Families earning 75 percent or less of their state’s median income would pay nothing, while others would be charged a sliding scale copayment up to 7 percent of family income. Only households earning up to the state median would qualify in 2022, a threshold that would gradually scale up until full implementation in 2025.

The original House Education and Labor Committee proposal cut off subsidies for families earning above 200 percent of state median income starting in 2025; a Sherrill amendment removed that limit but retained a requirement that families attest they have less than $1 million in assets.

With some Democratic centrists like Sen. Joe Manchin III of West Virginia pushing to means-test entitlements in the reconciliation package to ensure it targets only the neediest families, the income cap is back in play. 

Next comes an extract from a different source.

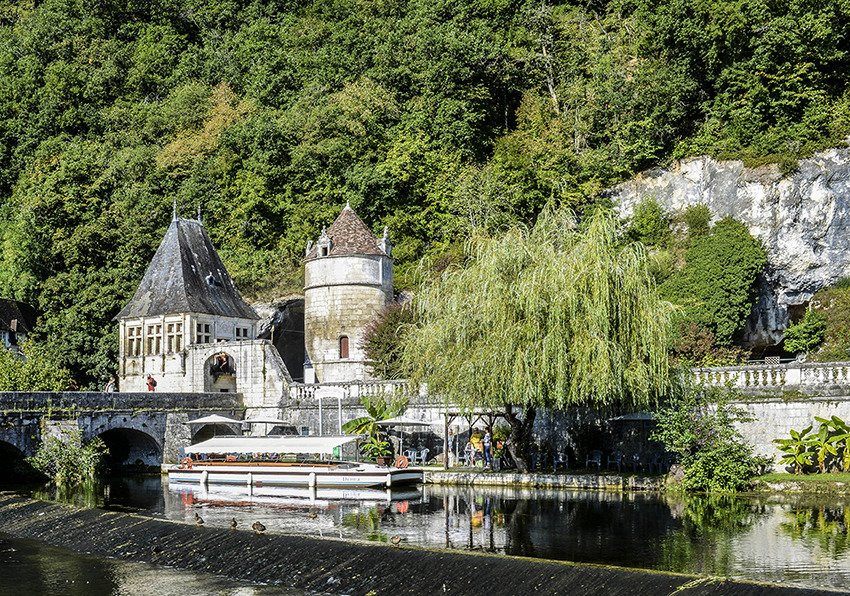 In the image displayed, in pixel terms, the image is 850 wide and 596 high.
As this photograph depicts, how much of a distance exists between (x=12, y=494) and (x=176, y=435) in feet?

“Given that we’re in tough negotiations now with the Senate, I think what we need to make sure is that the majority of women are covered,” Sherrill said, noting she’s “hearing some good numbers” on the income cap but nothing final. 

Sherrill faces a potentially tough reelection fight in a swing district that’s among the nation’s wealthiest, according to Census Bureau data.

She said the income cap is expected to be higher than 150 percent, which was the starting point in legislation that House Education and Labor Chairman Robert C. Scott, D-Va., and Senate Health, Education, Labor and Pensions Chairwoman Patty Murray, D-Wash., introduced earlier this year. 

Murray argues that means-testing the day care subsidies is “irrelevant” since many wealthier households are already paying less than 7 percent of income for child care.

President Joe Biden said in a CNN town hall Thursday that no couple earning less than $300,000 — or $150,000 for a single-parent household — would have to pay more than 7 percent of their income under the day care program. That’s at least double the median income in most states. 

Limiting eligibility could increase costs for families cut off from the subsidies because the House bill would require states to factor in costs for providing quality care in its payment rates to providers, Smith said.

For example, states must ensure the funds would provide staff with “a living wage” that’s “equivalent to wages for elementary educators with similar credentials and experience.”

Since raising wages would increase the cost of care, Smith said it’s not clear who would pick up the difference for families that don’t qualify. The House bill only says states shall “implement payment practices that support the fixed costs of providing child care services.”

“So you think about how you squeeze this bubble, it could get really interesting,” Smith said.